Having a learned a great deal more about shading since I wrote this post, the contents are now out of date. Please disregard them.
I came to a few realizations as of recently, that will affect the lighting direction I will pursue for my project.
After much debate on the merits of different approaches, I have decided to go with a more traditional form of deferred shading, using a g-buffer setup similar the one Starcraft 2 is using. So it will look something like this:
- (RGB) Light Accumulation, (A) unused
- (RGB) Normals, (A) Depth
- (RGB) Albedo, (A) unused
- (RGB) Specular Color, (A) Specular Power
This decision was motivated by the need for color accuracy, and compatibility across multiple PC configurations. Color accuracy requires that I have linear blending for lights, particle effects, etc. Unfortunately, sRGB blending behavior is inconsistent between DX9 & DX10 hardware, so I can't rely on it. So I am forced to do it myself using higher-precision fp16 targets to store linear colors.
After having downloaded and played the demo of Brutal Legend, I was able to learn a lot more about their lighting scheme.
I had mistakenly believed that they were using the sky gradient maps to provide ambient lighting as well as reflections. As it turned out, they are using a form of rimlighting instead.
It was only recently that I began to see just how powerful a tool rimlighting can be. Originally, I thought it was only good for cartoony graphics, ala Super Mario Galaxy. However, I have observed that it is being used extensively in games like Final Fantasy 13, and Soul Calibur IV.
I will have to explore the possibilities offered by rim-lighting, since my initial observations have shown that it can be used to make a variety of material effects.

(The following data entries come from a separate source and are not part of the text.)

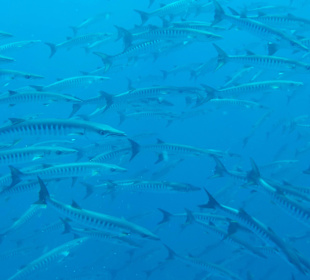 Barracudas - ca. 400 bis 500 Tiere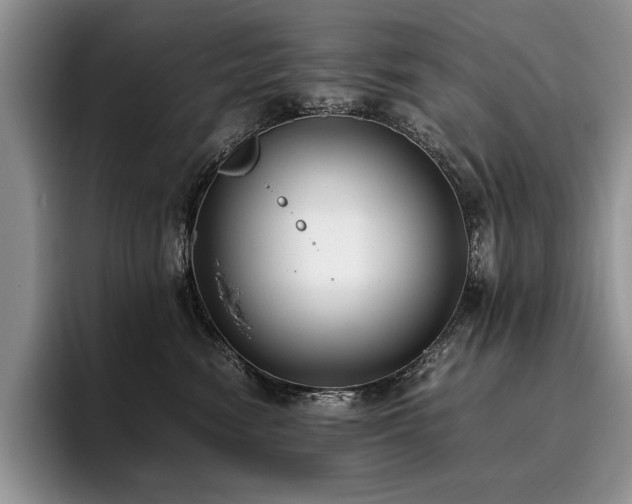 X0000096140474200801181136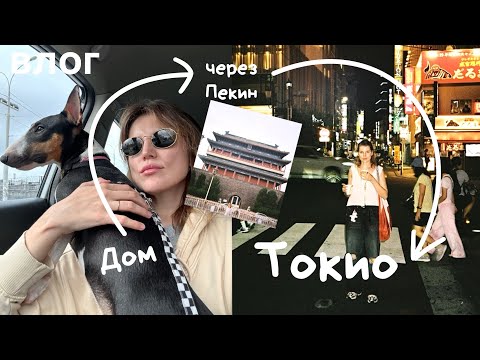 Видео: 22. Часть 1. Сборы в Японию, пересадка в Пекине и первые дни в Токио 🇯🇵
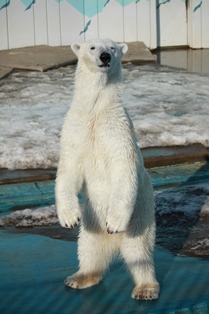 9釧路動物園 176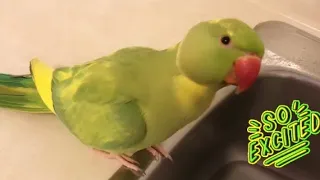 Adorable Parrot loves taking baths, SO CUTE 🥰
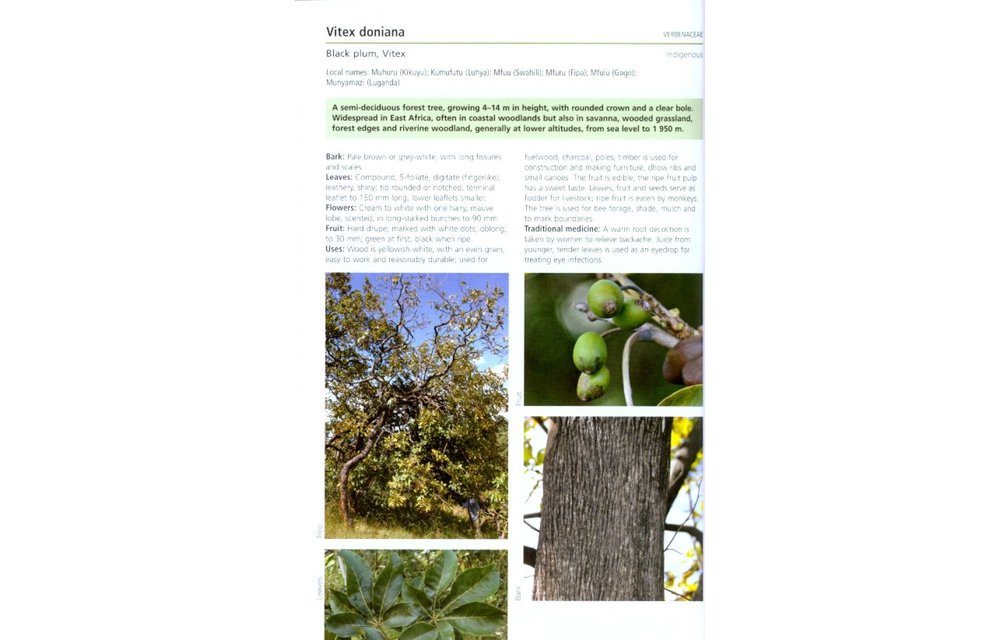 Field Guide to Common Trees & Shrubs of East Africa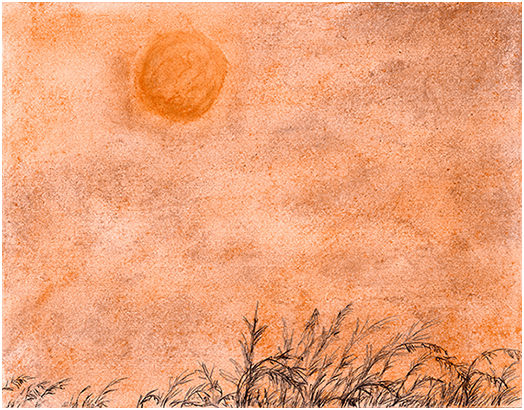 Sky by Tracey Farrell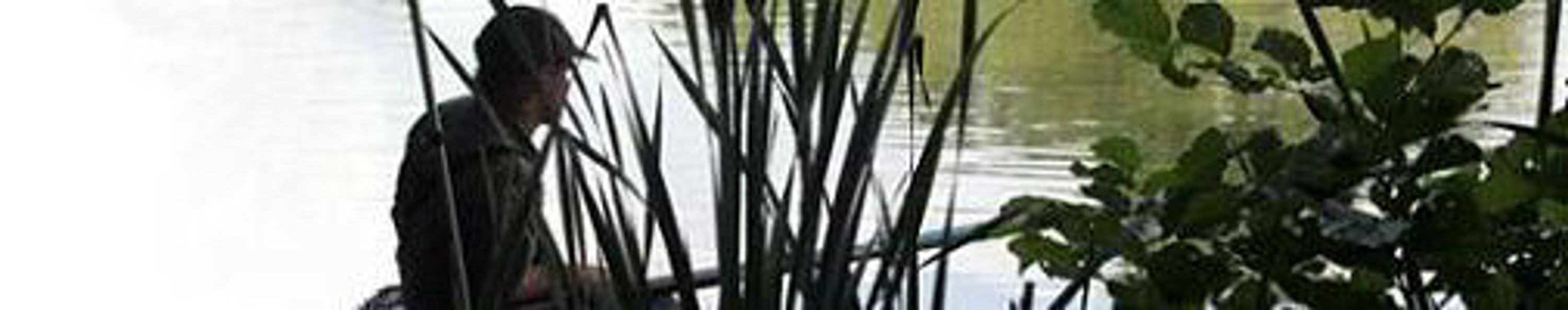 Barford Lakes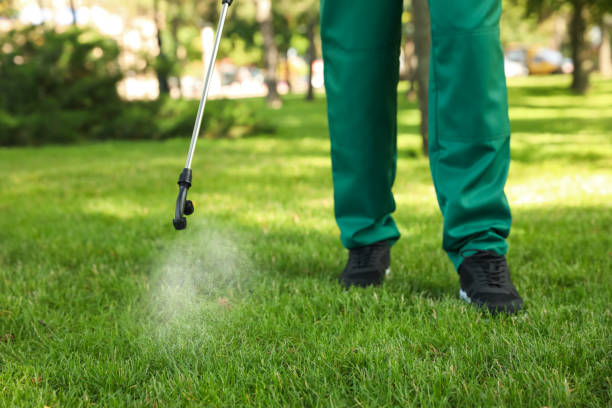 Best Termite Control Services  in Cypress Lake, FL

Their technique is called "Radially Symmetric Reflection Maps". I discovered that my earlier observations weren't entirely correct, as I saw it on normal-mapped surfaces in the demo. Apparently it only looked bad in my case because my test surface was completely flat, and pointing straight up. Also, the fact that the look-up texture will only be used for reflections means that I can just use the trick where I draw a dark line across the bottom to provide a "horizon" in the reflection.
So, that's where things are right now. I'm still trying to figure out a scheme for how to port my existing code-base to using GLSL shaders. Chances are good that I will use a fair number of macros and type-definitions to reuse my Cg shader code as best I can. My demo code is not about specific APIs, so I am trying to abstract things in a way that will hide the underlying details, whether they be DX9, DX10, or OpenGL.